§ **REQUIRED WORK**
Beginning at the line with "A modern kitchen" in the records below, return each line up to and including the last, exactly as it stands, but not the pictures.

Start of INPUT

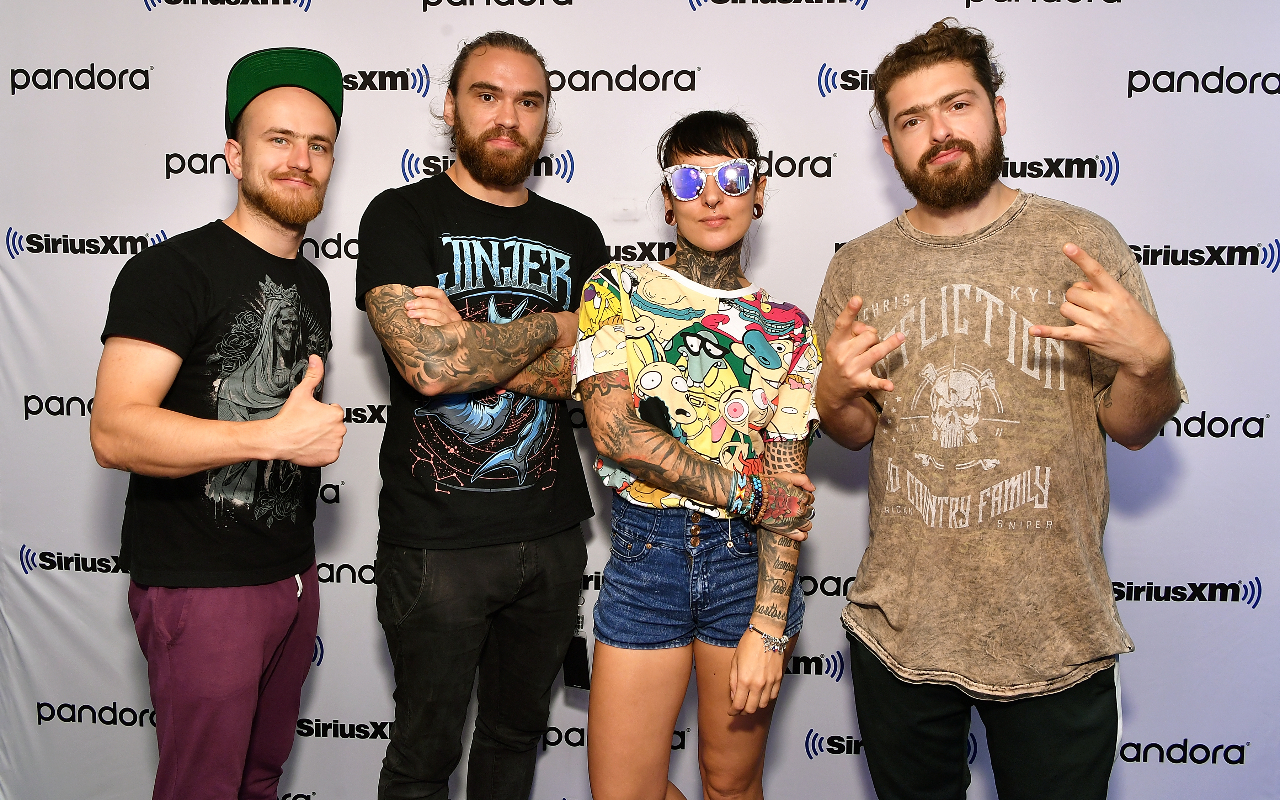 Jinjer against a wall advertising Sirius XM radio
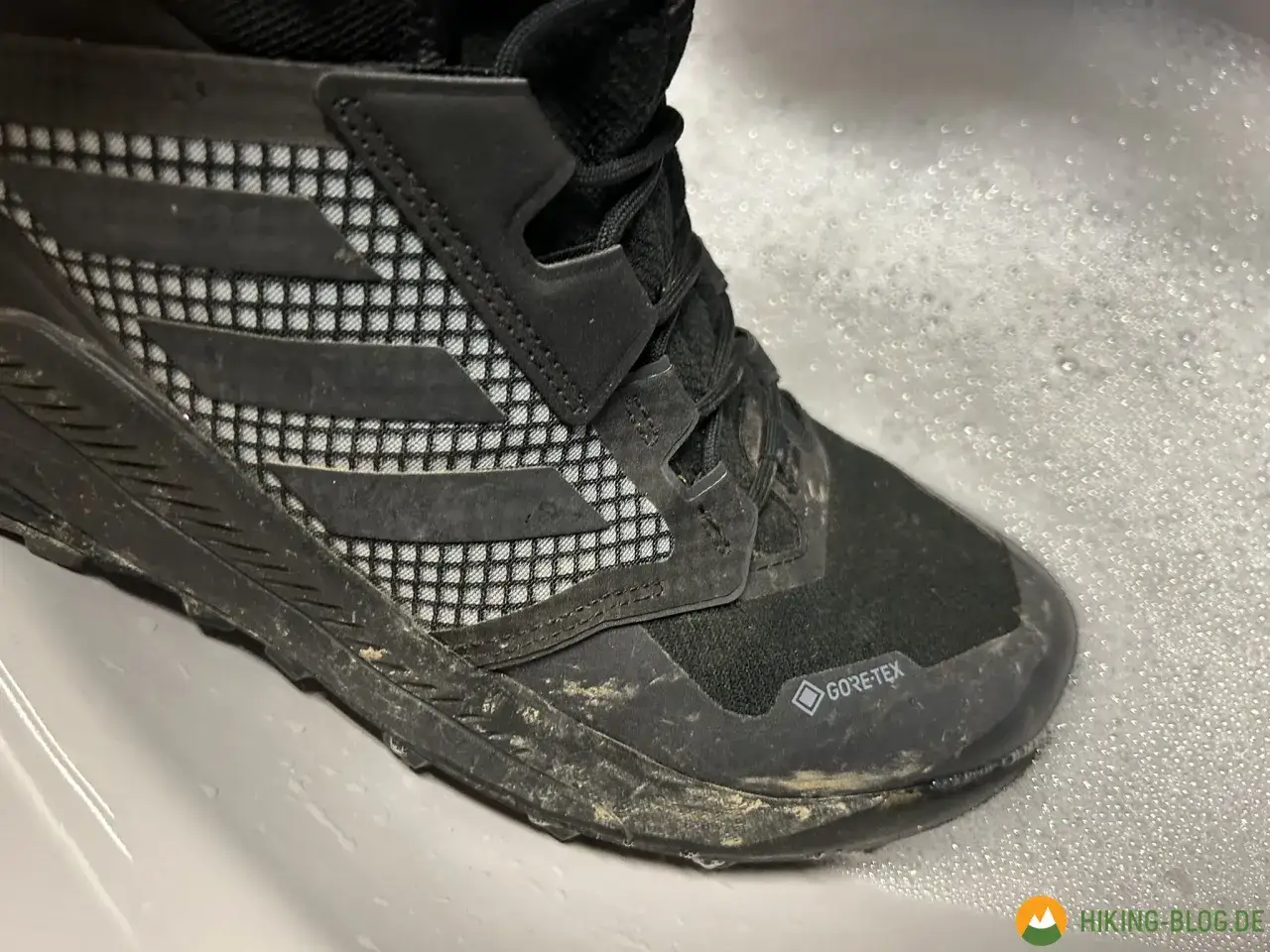 Schmutziger adidas Terrex Schuh im Schaumbad, bereit f&uuml;r die Waschmaschine.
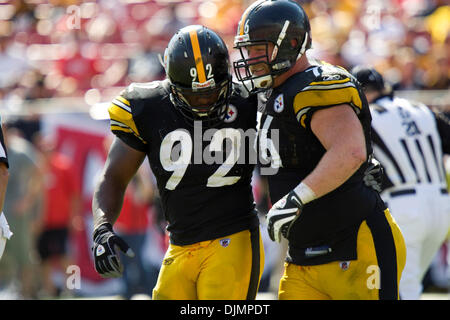 Sep. 26, 2010 - Tampa, Florida, United States of America - Pittsburgh Steelers linebacker James Harrison (92) helps teammate Pittsburgh Steelers defensive tackle Chris Hoke (76) off the field late in the fourth quater. The Tampa Buccaneers fall to the Pittsburgh Steelers 38-13 at Raymond James Stadium in Tampa, Florida. (Credit Image: © Anthony Smith/Southcreek Global/ZUMApress.com Stock Photo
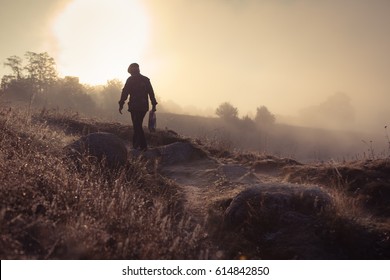 A misty morning by the lake.  Silhouette of man walking away. Space for text. - Powered by Shutterstock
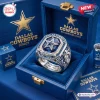 Close-up view of a silver Dallas Cowboys 66th Anniversary commemorative ring inside a blue presentation box.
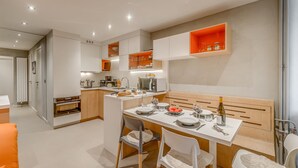 A modern kitchen with white cabinetry, a central island, and orange accents. - Renovated 1BR 4 pers in Tignes, south balcony (Tignes-Le Lavachet)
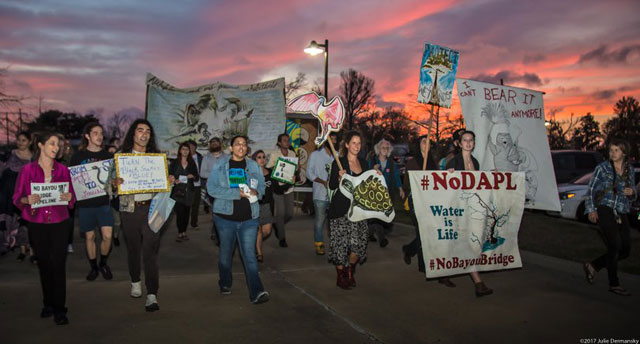 Opponents of the Bayou Bridge pipeline, a project proposed by Energy Transfer Partners that would be the tail end of the Dakota Access network, walk toward the entrance of Louisiana’s environmental permit hearing on February 8.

End of INPUT

§ **RESPONSE TO THE TASK**
 A modern kitchen with white cabinetry, a central island, and orange accents. - Renovated 1BR 4 pers in Tignes, south balcony (Tignes-Le Lavachet)
 Opponents of the Bayou Bridge pipeline, a project proposed by Energy Transfer Partners that would be the tail end of the Dakota Access network, walk toward the entrance of Louisiana’s environmental permit hearing on February 8.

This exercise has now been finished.